GaloisInc / cryptol

Cryptol: The Language of Cryptography
https://galoisinc.github.io/cryptol/master/RefMan.html
BSD 3-Clause "New" or "Revised" License
1.14k stars 123 forks source link

abc not working in cryptol-remote-api nightly container #1310

Open michaelabernardo opened 2 years ago

michaelabernardo commented 2 years ago

Good morning!

We noticed in the nightly cryptol-remote-api container from two days ago that abc does not seem to be working as it previously did when trying to prove a property.

The error we get is argo_client.interaction.ArgoException: Internal error ArgoThreadTimedOut for W4_ABC and for abc,

argo_client.interaction.ArgoException: Internal error Failed to start the external solver: 
ArgoThreadTimedOut
Make sure you can start "/usr/local/bin/abc"
from the command line without issues.
michaelabernardo commented 2 years ago

Also, is this right in solver.py? W4_ABC: OnlineSolver = OnlineSolver("w4-any")

weaversa commented 2 years ago

Also, is this right in solver.py? W4_ABC: OnlineSolver = OnlineSolver("w4-any")

The commit for that is here: https://github.com/GaloisInc/cryptol/commit/5feef24c9a898cc5eb5df1a2af7f6aa968dcbad2

weaversa commented 2 years ago

The commit that changed how the solvers were installed in the container is here: https://github.com/GaloisInc/cryptol/commit/c8c122fac61191162c5c5c106735496a317ecba0#diff-92e1e9b869d970ba6ca75eebada07c31dfbda3bf4995b0db2fe5331980912df9

pnwamk commented 2 years ago

I'm not sure why things are timing out now where they did not do so before (this can happen sometimes with different solver versions of course, but I haven't specifically verified that's what's going on yet).
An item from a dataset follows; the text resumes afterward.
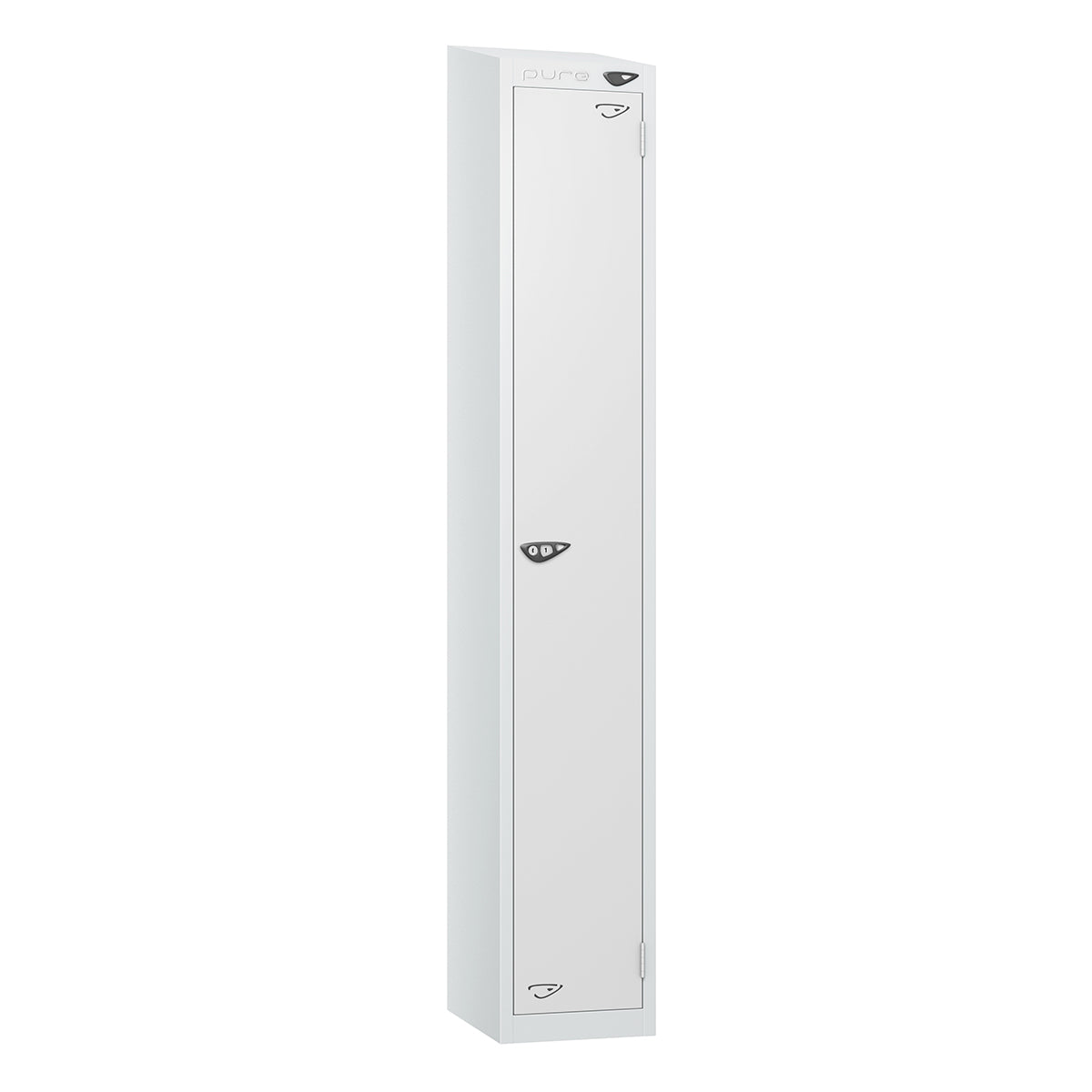 Pure Prime 1 Door Sloping Top Locker H1950/1800xW300xD380mm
As a quick check, instead of using W4_ABC (which is incorrectly defined as you noted -- thanks! I've got a fix inbound for that), does using OnlineSolver("w4-abc") in its place fix the timeout issue by chance?
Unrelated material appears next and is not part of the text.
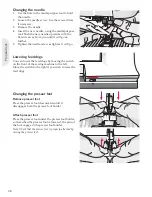 Предварительный просмотр 20 страницы Pfaff expression 2.0 Owner'S Manual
michaelabernardo commented 2 years ago

As a quick check, instead of using W4_ABC (which is incorrectly defined as you noted -- thanks! I've got a fix inbound for that), does using OnlineSolver("w4-abc") in its place fix the timeout issue by chance?

This didn't seem to help as far as I can tell. I mostly still got the timeout error, though in one place, I instead got:

argo_client.interaction.ArgoException: Internal error Could not parse solver response:
  Solver response parsing failure. 
*** Exception: ArgoThreadTimedOut
weaversa commented 2 years ago

@pnwamk I don't think the timeout error is really about timeouts. The first message in this thread provides: "Internal error Failed to start the external solver", as though abc is either missing or misbehaving (which happens frequently, see #915, #558, #355, #353, #233, #227, #205, and likely others. Also see some improvements put in saw to work around the brittle ABC SMTLIB2 interface: https://github.com/GaloisInc/saw-script/commit/a77b2b32c6603e307dfb9bb702f04f8b4b5c8a27 and https://github.com/GaloisInc/saw-script/commit/228c6cf9388ea828ef4ccd51266821e7728b17fb)
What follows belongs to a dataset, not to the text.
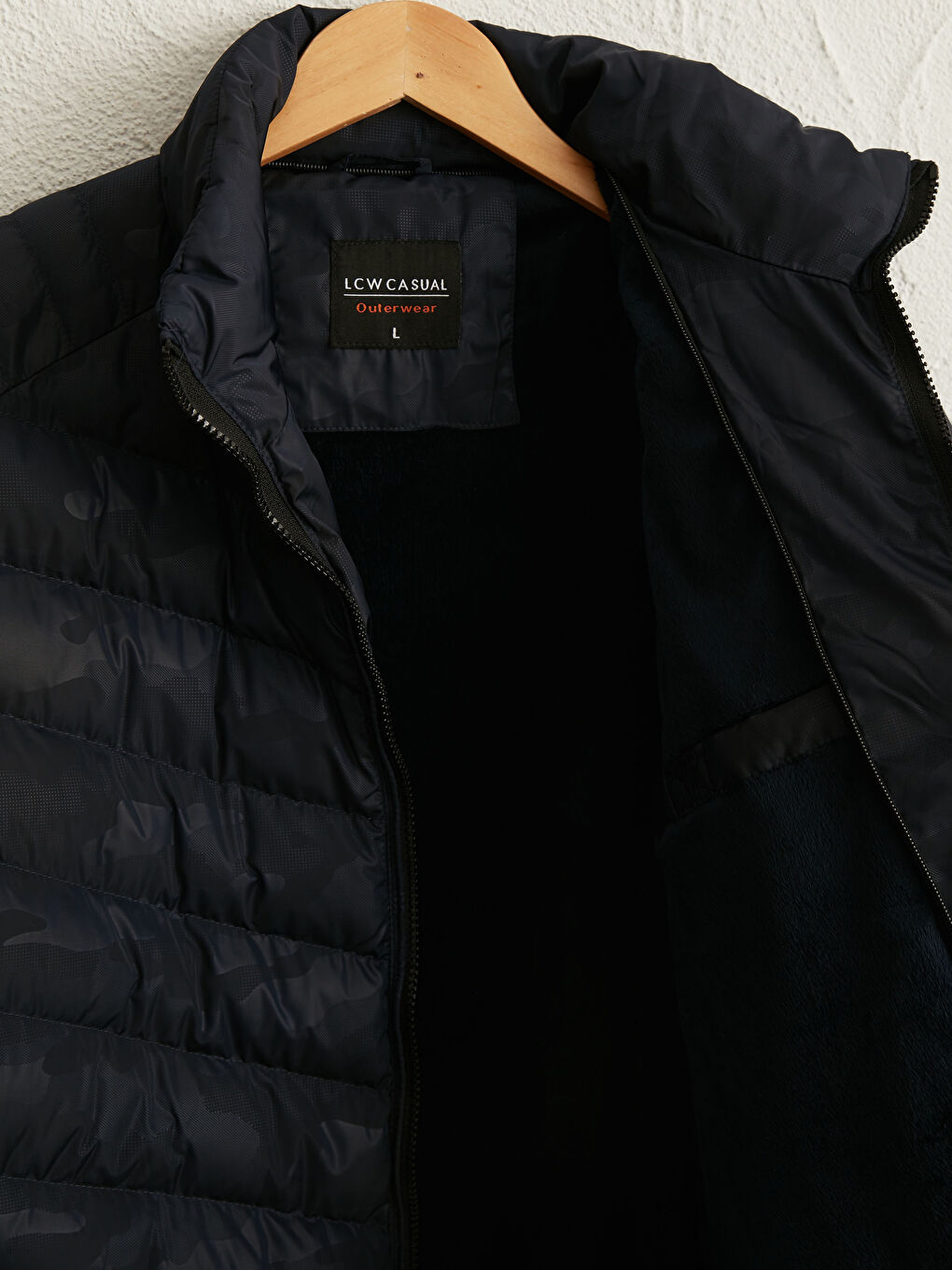 LCW Casual Puffer with Hood -S10341Z8-J2H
weaversa commented 2 years ago

@pnwamk We increased the timeout parameter on our runs and now abc runs are passing. Perhaps something changed in the client (in the past 3 or 4 months) that caused the timeout to work, or be more strict...or maybe the previous client was starting the timeout immediately, but because we were using abc (which was set to ALL) the timeout was being started after all solvers had spun up, and in the time it took to do that, abc was done? Just throwing out ideas...but, things are working again. Thanks!

pnwamk commented 2 years ago

Misc. notes/observations: the Failed to start the external solver message I think is a red herring, i.e., I suspect our timeouts are killing the solver process and the underlying SBV library doesn't specifically recognize that, and it issues that generic error message it uses for it's "catch all" case: https://github.com/LeventErkok/sbv/blob/f0b217934016e1f690fa10c43ba3e4d224decadb/Data/SBV/SMT/SMT.hs#L654-L656

pnwamk commented 2 years ago

Another possibly relevant note - with the switch to using the what4-solvers packaging of SMT solvers, we're currently using this specific commit of abc until we create a new what4-solvers release, whereas previously we were cloning and building the latest abc from source each time we built the cryptol-remote-api/Dockerfil docker image. I think it's possible this alone could account for the timeout changes...